Wednesday 5 February 2014

OUGD404 Double Page Spread: Italics and Obliques

In typography, italic type is a cursive typeface based on a stylized form of calligraphic handwriting. Owing to the influence from calligraphy, such typefaces often slant slightly to the right. Different glyph shapes from Roman type are also usually used—another influence from calligraphy. True italics are therefore distinct from oblique type, in which the font is merely distorted into a slanted orientation. However, upper-case letters are often oblique type or swash capitals rather than true italics.

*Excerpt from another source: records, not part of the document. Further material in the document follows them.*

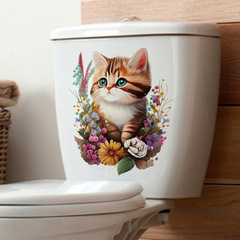 旅康CH253005可愛水彩貓咪衛生間浴室馬桶蓋裝飾防水家居美化牆貼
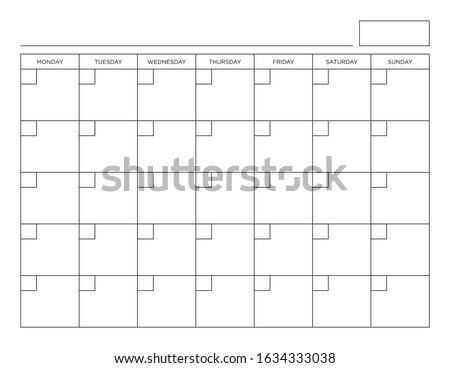 Letter Size Blank Calendar Page Monday through Sunday Print Ready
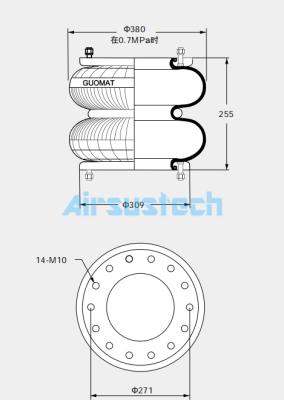 Cina Molla pneumatica AIRSUSTECH 2H350255 con attacco flangiato e 14 viti M10 in vendita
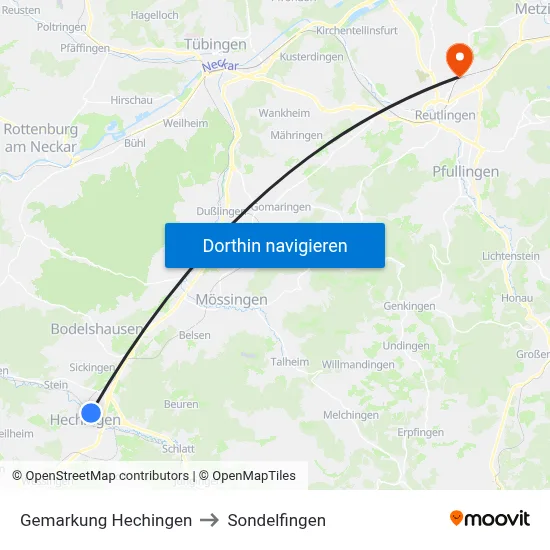Gemarkung Hechingen to Sondelfingen map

This style is called "italic" for historical reasons. Calligraphic typefaces started to be designed in Italy, for chancery purposes. Ludovico Arrighi and Aldus Manutius (both between the 15th and 16th centuries) were the main type designers involved in this process at the time.
aa

Italics are drawn out separately from the regular letterforms in a typeface based on an axis ranging from 7-20 degrees. Italics have a calligraphic style and can sit close due to the angle they have individually drawn at.

aa

Obliques were created because italics were considered inappropriate for the industrial and non-calligraphic designs of most sans-serif typefaces. An oblique is essentially a copy of the roman character put at an angle often around 8-12 degrees. 

Italic is a special version of the font, whereas an oblique version is just the regular version inclined a bit. So both are slanted and related to the regular font, but italic will have special letterforms made especially for it.

An italic is created by the type designer with specific characters (notably lowercase a) drawn differently to create a more calligraphic, as well as slanted version.